NSAIDs: A Pain in the Gut

Marina MacDonald, MS, PhD, 2 years ago 12 min read

The gut-protective effects of curcumin and probiotics

Millions of people use non-steroidal anti-inflammatory drugs (NSAIDs) to alleviate the pain of arthritis, headaches, and other painful conditions.^[1] Well-known NSAIDs include ibuprofen (Advil, Motrin) naproxen (Aleve), and aspirin. Many other NSAIDs (diclofenac, etc.) are available by prescription.

Although NSAIDs may relieve pain, their use is associated with a broad spectrum of adverse reactions in the liver, kidneys, cardiovascular system, and gastrointestinal (GI) tract.^[2]

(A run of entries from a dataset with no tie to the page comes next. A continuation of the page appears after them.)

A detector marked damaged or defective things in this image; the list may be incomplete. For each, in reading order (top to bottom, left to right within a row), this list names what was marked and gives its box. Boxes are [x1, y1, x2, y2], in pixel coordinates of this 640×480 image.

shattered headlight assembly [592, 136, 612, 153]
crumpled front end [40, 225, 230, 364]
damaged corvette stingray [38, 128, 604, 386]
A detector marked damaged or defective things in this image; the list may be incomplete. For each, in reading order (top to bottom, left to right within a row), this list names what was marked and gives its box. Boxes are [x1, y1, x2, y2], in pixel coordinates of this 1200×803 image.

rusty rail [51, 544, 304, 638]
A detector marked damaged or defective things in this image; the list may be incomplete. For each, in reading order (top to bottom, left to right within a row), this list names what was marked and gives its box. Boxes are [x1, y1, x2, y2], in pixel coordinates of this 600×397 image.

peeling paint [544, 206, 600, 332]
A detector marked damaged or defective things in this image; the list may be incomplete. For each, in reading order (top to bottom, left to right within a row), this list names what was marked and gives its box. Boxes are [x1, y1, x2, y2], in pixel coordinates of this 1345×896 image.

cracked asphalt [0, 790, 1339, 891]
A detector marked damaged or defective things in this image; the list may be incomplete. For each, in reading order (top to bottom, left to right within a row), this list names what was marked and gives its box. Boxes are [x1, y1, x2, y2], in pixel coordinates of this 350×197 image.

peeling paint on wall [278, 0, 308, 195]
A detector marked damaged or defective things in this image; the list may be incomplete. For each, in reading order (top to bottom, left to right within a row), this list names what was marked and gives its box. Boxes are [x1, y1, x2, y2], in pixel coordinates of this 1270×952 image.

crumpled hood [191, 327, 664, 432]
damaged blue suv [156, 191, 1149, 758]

The side effects of NSAIDs on the gut range from simple dyspepsia (discomfort or pain in the upper abdomen) to life-threatening GI bleeds and perforations.^{[3],[4],[5],[6],[7]} In short, NSAIDs can literally be “a pain in the gut.”

In today’s post we’ll explain the impact of NSAIDs on the gut, and look at how curcumin and probiotics may help protect GI health and even reduce the need for NSAIDs in the long run.

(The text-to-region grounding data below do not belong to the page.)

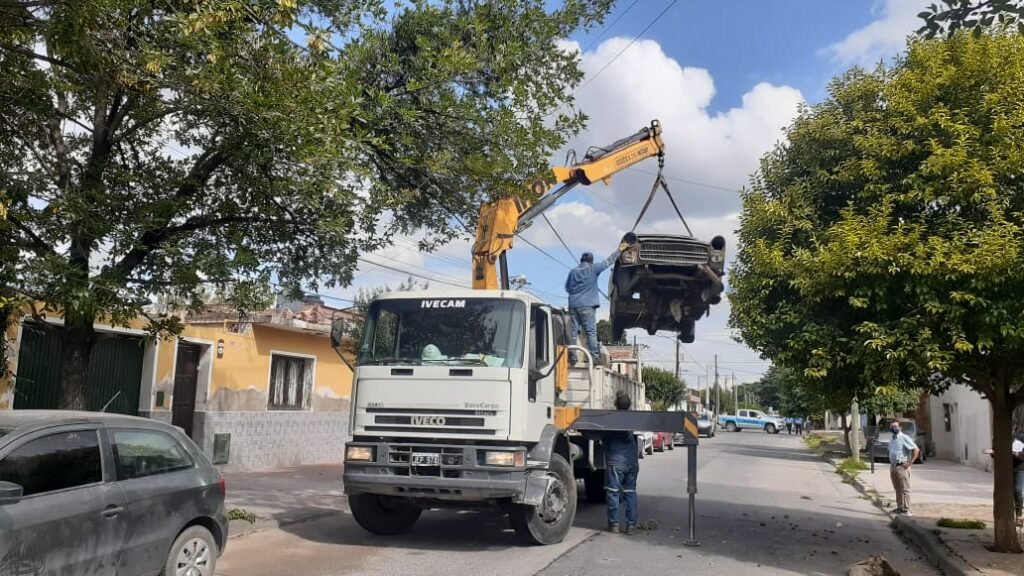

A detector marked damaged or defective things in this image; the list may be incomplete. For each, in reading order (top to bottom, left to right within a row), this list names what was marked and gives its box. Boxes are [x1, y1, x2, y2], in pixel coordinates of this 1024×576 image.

abandoned car [608, 233, 728, 342]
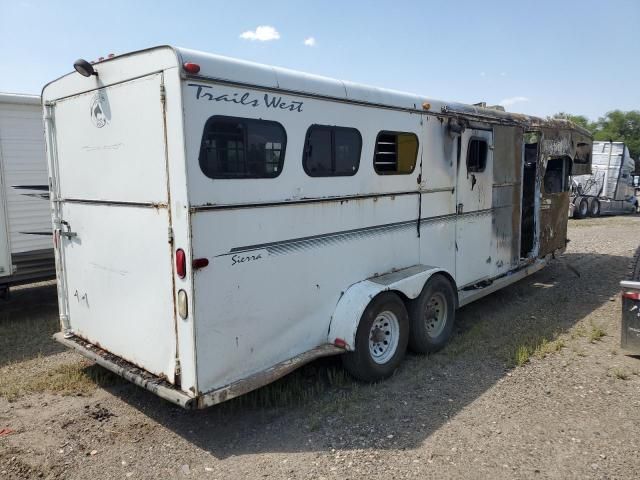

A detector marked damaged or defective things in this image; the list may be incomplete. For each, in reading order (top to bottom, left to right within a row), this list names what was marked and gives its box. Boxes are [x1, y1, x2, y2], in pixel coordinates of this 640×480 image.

burned damaged panel [492, 124, 524, 274]
burned damaged panel [536, 127, 576, 255]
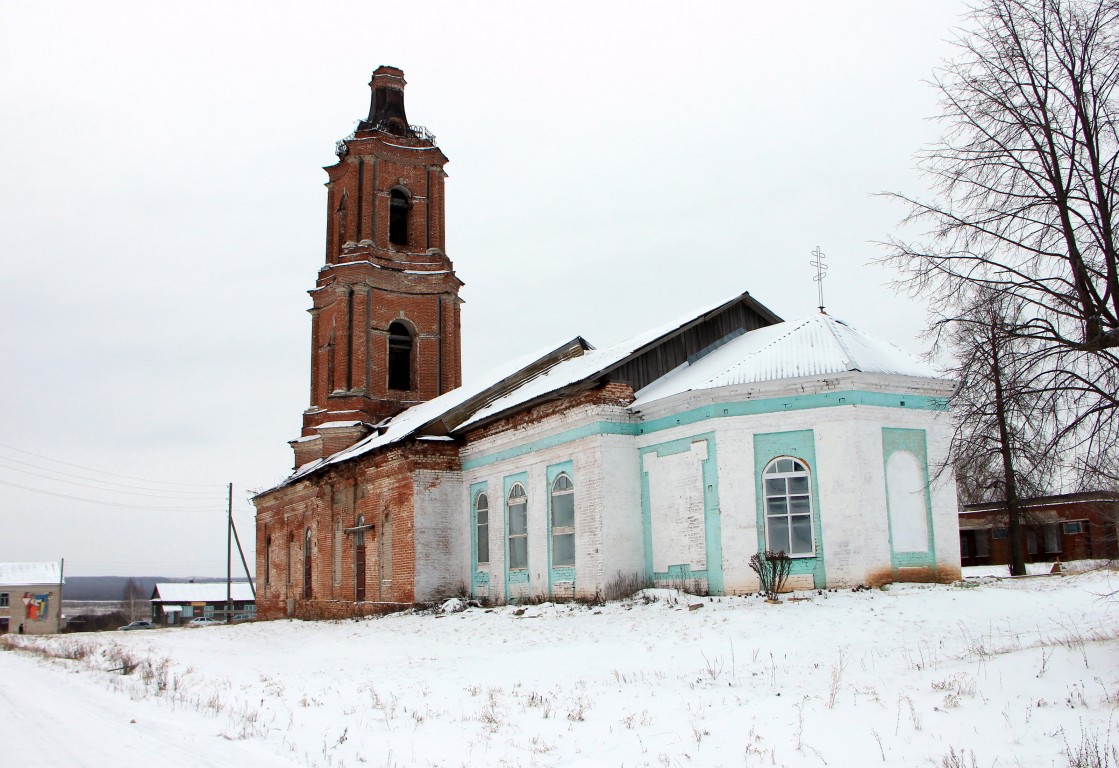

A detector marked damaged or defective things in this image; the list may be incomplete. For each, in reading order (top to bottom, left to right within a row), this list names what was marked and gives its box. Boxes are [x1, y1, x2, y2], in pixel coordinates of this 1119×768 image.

Read the warning label before taking NSAIDs

We now know that microscopic intestinal damage occurs in two-thirds of NSAID users, although most people are unaware that it is happening.^{[8],[9],[10],[11]}

Unfortunately, NSAIDs cause nearly 103,000 hospitalizations and 16,500 deaths annually.^[12] One of those hospitalized was a friend of mine, who was taking ibuprofen to manage arthritis pain. She recovered from her ordeal, but only after undergoing surgery to repair the intestinal damage.

It’s not surprising that scientists are searching for ways to support GI health in people taking NSAIDs. Growing evidence suggests that curcumin and probiotics may help shield the gut from NSAID-induced damage.

Curcumin has gut-protective effects

Curcumin strengthens the intestinal barrier and enhances the survival of cells lining the GI tract.

The mucosal lining of the GI tract possesses numerous internal mechanisms to maintain homeostasis. NSAIDs disrupt many of these pathways, however, throwing the whole system into disarray.^[13]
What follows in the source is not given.